# load of rubs



## coyote (May 11, 2008)

http://www.bbq-porch.org/recipes/html/C2.htm

seen this while cruzin around the webb thought some might find it useful here at the SMF..

I guess if you use one rate it here. ca ca or there I was all these folks wantin more..lol.


----------



## crewcab4x4 (May 11, 2008)

Thanks for the link coyote. Found a recipie on there I've been wanting.

Jason


----------



## smokin out the neighbors (May 11, 2008)

Wow coyote! That's alot of recipes.


----------



## erain (May 11, 2008)

lotsa interesting stuff on that link. thanks for sharing


----------



## kratzx4 (May 11, 2008)

Great site, thanks.
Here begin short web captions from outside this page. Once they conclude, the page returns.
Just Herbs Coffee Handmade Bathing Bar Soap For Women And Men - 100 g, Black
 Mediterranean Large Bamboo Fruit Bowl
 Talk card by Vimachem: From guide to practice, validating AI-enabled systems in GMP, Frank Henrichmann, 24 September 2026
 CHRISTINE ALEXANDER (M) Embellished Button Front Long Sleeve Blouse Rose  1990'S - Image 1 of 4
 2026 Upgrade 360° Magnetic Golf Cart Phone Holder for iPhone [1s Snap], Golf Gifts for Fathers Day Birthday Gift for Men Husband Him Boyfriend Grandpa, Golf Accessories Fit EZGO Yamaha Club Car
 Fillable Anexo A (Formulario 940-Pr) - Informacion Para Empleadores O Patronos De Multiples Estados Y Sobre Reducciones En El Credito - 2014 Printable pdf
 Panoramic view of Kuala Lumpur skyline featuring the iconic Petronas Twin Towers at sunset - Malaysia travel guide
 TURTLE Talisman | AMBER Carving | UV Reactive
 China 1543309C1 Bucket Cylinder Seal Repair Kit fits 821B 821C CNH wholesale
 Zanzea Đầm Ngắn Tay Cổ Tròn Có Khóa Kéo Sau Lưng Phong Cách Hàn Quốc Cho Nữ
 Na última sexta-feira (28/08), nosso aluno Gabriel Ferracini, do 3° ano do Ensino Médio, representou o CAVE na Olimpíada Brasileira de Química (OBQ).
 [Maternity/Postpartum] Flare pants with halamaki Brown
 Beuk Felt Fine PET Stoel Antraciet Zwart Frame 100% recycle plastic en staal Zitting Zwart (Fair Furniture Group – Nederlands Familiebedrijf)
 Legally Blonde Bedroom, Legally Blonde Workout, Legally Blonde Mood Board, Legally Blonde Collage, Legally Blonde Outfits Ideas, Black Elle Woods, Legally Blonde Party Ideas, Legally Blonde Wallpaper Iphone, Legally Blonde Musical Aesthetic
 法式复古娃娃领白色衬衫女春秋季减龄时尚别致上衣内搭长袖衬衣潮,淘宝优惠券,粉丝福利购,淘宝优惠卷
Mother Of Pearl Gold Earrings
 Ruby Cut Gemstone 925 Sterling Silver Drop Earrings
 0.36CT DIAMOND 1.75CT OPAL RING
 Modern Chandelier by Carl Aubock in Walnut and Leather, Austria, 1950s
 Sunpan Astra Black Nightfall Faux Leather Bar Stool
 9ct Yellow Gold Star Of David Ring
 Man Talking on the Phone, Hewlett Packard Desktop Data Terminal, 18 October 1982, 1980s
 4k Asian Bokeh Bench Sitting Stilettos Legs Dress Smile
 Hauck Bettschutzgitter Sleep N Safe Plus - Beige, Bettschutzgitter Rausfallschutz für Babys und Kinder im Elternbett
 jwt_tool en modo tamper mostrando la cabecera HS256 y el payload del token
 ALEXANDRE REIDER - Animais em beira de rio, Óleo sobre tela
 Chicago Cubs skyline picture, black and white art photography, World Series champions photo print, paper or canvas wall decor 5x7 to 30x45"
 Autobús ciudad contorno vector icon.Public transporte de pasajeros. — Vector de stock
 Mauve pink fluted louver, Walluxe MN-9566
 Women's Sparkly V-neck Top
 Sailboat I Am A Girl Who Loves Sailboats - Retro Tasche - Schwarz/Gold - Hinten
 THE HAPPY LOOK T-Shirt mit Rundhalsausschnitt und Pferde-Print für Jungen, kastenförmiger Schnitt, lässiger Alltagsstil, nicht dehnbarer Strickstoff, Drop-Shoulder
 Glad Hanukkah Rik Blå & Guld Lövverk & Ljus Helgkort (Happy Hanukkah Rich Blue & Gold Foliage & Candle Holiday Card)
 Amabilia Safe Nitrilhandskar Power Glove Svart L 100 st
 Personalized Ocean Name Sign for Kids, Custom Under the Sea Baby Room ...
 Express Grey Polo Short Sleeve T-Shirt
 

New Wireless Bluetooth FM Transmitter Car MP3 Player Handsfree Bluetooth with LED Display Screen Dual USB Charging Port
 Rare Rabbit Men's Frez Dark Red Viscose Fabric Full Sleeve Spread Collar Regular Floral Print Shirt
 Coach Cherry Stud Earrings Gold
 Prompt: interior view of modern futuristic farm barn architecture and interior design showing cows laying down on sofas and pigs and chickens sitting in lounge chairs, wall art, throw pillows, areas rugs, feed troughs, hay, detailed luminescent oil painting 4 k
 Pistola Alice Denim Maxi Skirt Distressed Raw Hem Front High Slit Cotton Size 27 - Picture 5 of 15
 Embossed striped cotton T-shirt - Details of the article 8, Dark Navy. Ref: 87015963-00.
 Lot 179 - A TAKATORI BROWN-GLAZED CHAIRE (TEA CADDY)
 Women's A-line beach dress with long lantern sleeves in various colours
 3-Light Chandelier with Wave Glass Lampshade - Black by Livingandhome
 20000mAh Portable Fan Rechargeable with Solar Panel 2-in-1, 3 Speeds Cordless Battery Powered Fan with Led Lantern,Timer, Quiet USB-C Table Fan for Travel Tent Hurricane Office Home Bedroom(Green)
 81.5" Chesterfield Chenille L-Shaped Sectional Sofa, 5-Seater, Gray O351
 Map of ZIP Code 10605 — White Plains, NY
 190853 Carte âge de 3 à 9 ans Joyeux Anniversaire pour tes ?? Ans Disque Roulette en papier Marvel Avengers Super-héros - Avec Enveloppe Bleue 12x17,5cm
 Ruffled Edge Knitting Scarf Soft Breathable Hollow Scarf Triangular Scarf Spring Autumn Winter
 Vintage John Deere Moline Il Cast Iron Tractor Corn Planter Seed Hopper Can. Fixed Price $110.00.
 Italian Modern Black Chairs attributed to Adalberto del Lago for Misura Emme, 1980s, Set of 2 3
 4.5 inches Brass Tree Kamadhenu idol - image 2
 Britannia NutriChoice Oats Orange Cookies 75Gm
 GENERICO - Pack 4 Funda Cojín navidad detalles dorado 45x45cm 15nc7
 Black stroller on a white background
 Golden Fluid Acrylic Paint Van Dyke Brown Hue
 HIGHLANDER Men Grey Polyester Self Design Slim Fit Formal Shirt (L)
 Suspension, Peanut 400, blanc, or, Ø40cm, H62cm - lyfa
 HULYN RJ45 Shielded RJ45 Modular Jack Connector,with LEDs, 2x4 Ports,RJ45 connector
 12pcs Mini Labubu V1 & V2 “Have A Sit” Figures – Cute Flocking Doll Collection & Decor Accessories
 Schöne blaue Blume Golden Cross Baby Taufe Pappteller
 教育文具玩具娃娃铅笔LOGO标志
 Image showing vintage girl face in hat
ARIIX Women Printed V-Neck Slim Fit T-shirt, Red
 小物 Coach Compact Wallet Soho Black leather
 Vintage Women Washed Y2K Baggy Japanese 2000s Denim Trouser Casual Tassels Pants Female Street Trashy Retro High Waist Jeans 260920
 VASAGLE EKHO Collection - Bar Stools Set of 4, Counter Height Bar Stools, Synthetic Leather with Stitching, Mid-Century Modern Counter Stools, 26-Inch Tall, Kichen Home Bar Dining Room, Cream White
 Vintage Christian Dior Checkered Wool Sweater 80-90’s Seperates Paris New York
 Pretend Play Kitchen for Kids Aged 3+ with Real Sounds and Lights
I checked out the appetizer recipes looks like a few good ideas for ABT's


----------



## davidmcg (May 11, 2008)

Great link I'll try a few out and post me findings here.  I don't like MSG so I won't try them.


----------



## seboke (May 12, 2008)

Man, that's a crazy amount of recipes!  Made it to my favorites "BBQ" folder!


----------



## kookie (May 12, 2008)

Thanks.......Another place to look for recipes....................


----------



## coyote (May 13, 2008)

and here is another Kookie..enjoy..I just hope we have time to try them all.

http://www.astray.com/recipes/?search=Rubs


----------